Former Pakistan prime minister Benazir Bhutto has announced that she would accept General Musharraf as president after the 2007 general elections.
“I think that a good working relationship between Musharraf and me would be a necessity,” she told a reporter of The Times during a four-hour interview in Dubai published here at the weekend. She repeatedly said it was in “national interest”.
The Times has claimed that Benazir does not rule out that she might become prime minister again. “If the people vote for my party and parliament elects me as prime minister, it would be an honour for me to take up that role and General Musharraf would be there as president, so I think that a good working relationship between him and me would be a necessity for Pakistan,” she said.

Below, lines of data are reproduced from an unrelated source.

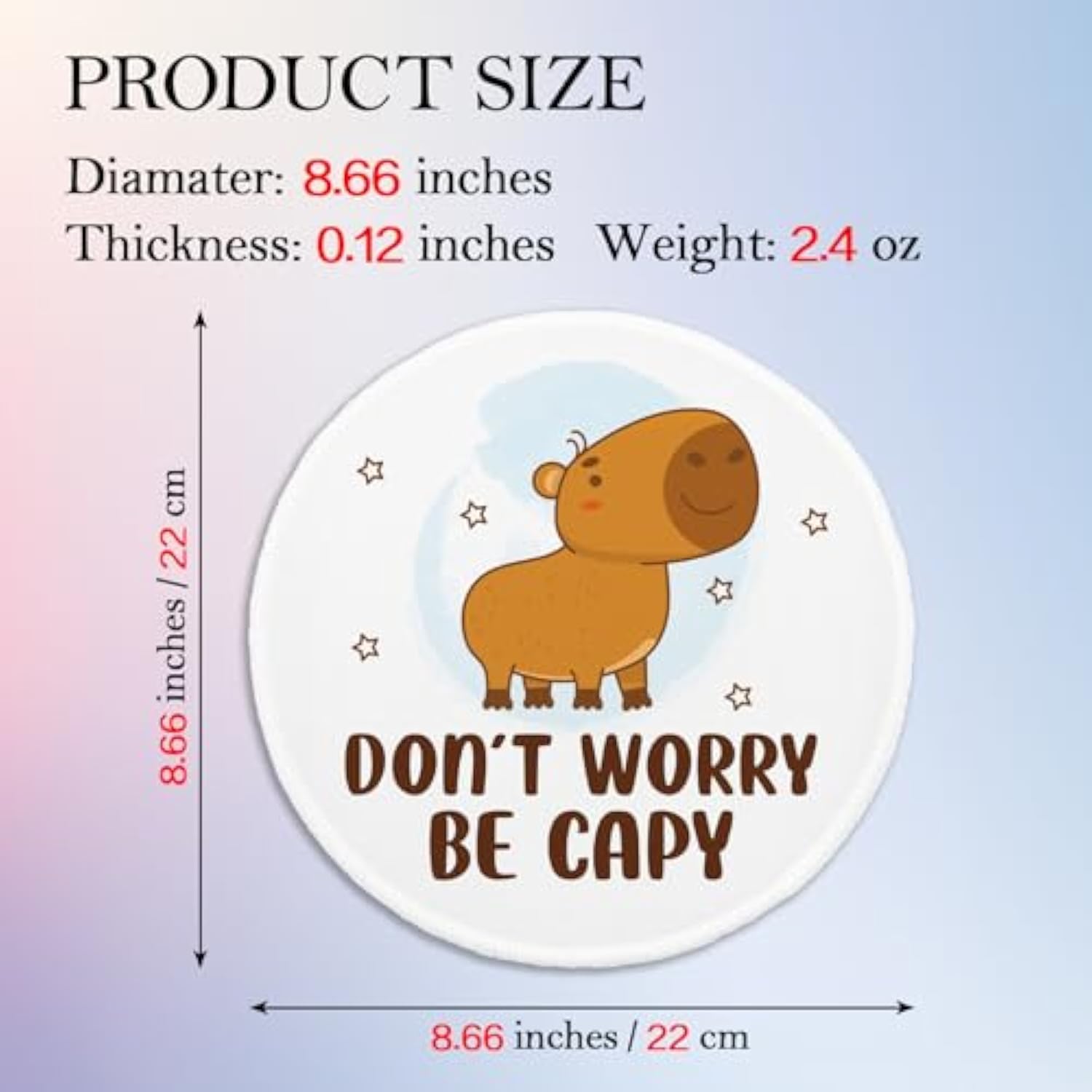 Funny Capybara Round Mouse Pad, Don'T Worry Be Capy Mousepad For Desk, Cute Animal Mouse Mat With Non-Slip Rubber Base, Capybara Gifts, Office Humor Gifts For Coworker Friend Capybara Lover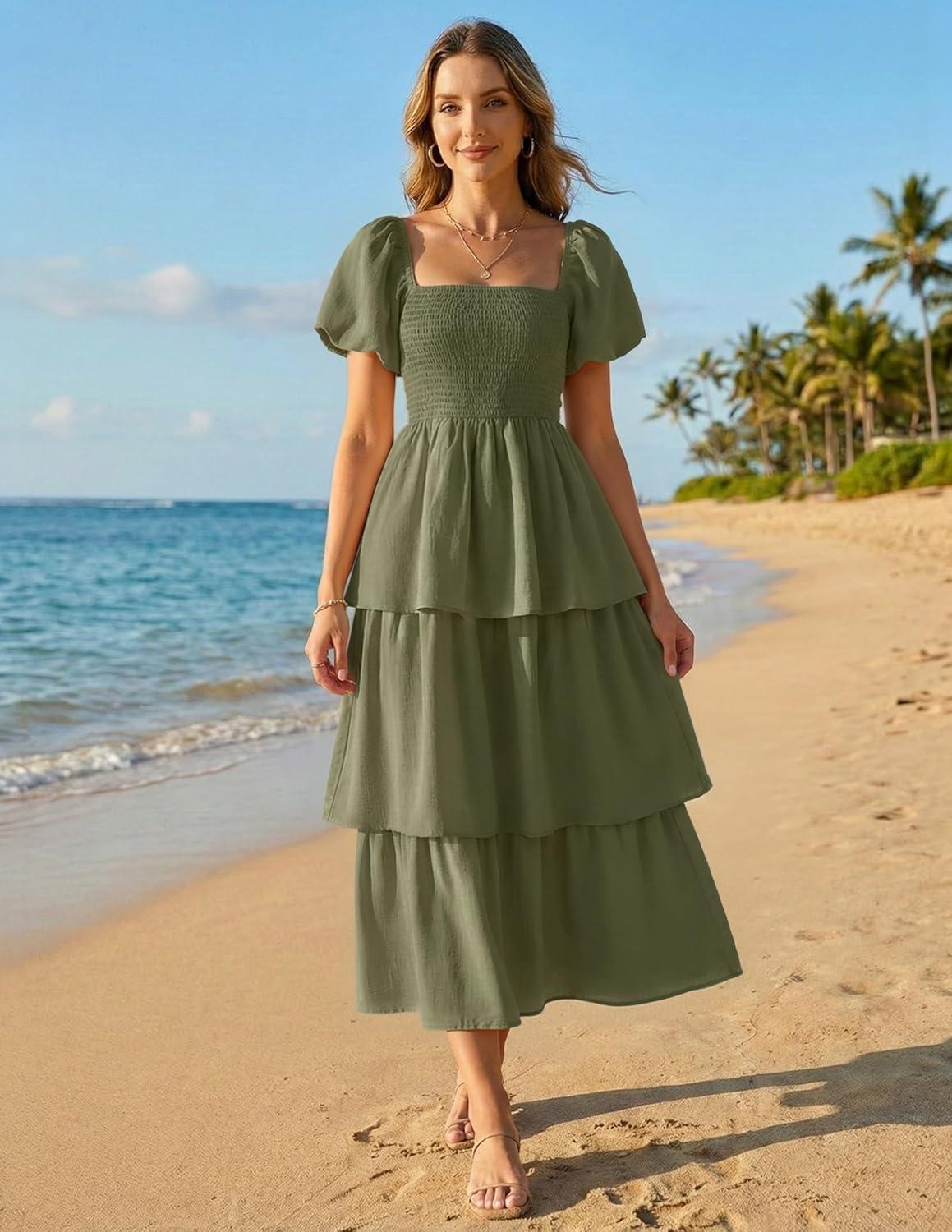 imageZESICA Womens Summer Puff Sleeve Midi Dress 2026 Casual Flowy A Line Tiered Wedding Guest Beach Vacation Long DressesArmy Green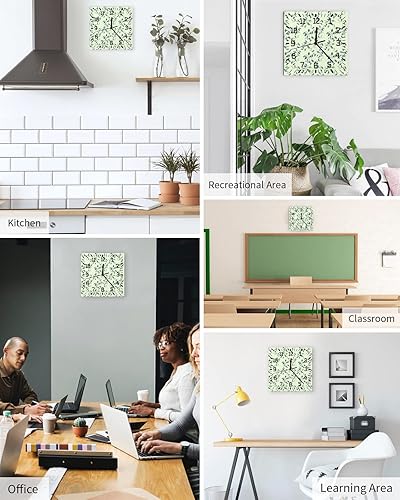 Miniatura 5 de Green Tropical Leaves Wooden Wall Clock Silent Non Ticking, Summer Light Green Square Wall Clock Battery Operated, Decor Clock for Home Office,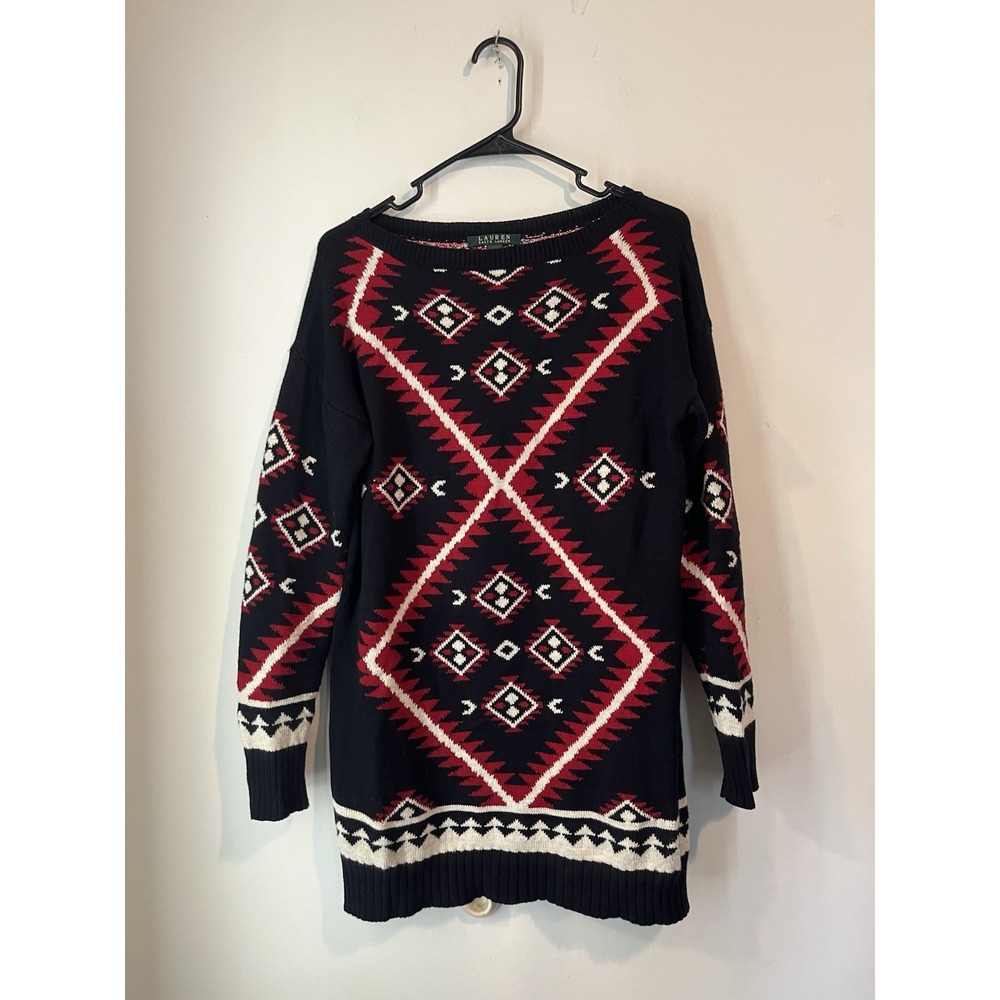 Lauren Ralph Lauren Tunic Sweater Dress Long‎ Sleeve Nordic Size Small Southwest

“I would have the choice of either respecting the will of the people and making it a success or being short-sighted and putting my personal feelings about past events ahead of the national interest, and what I want more than anything is for Pakistan to prosper as we make a transition to democracy,” she said.
The interview unfolds many interesting aspects of Benazir’s personality and her new found love for working with General Musharraf.
“(Benazir) Bhutto is the most extraordinary woman who says the most extraordinary things, veering wildly between self-aggrandizement and a knowing, sometimes humorous, recognition of how she can come across,” the reporter writes.
The Times writes that Benazir’s response to a possible deal with Musharraf was: “I find these reports very confusing.” It is also confusing that while Benazir does not shirk from criticising Musharraf at every opportunity, she also makes it clear in this interview that she would be ready to work alongside him as long as certain conditions were met.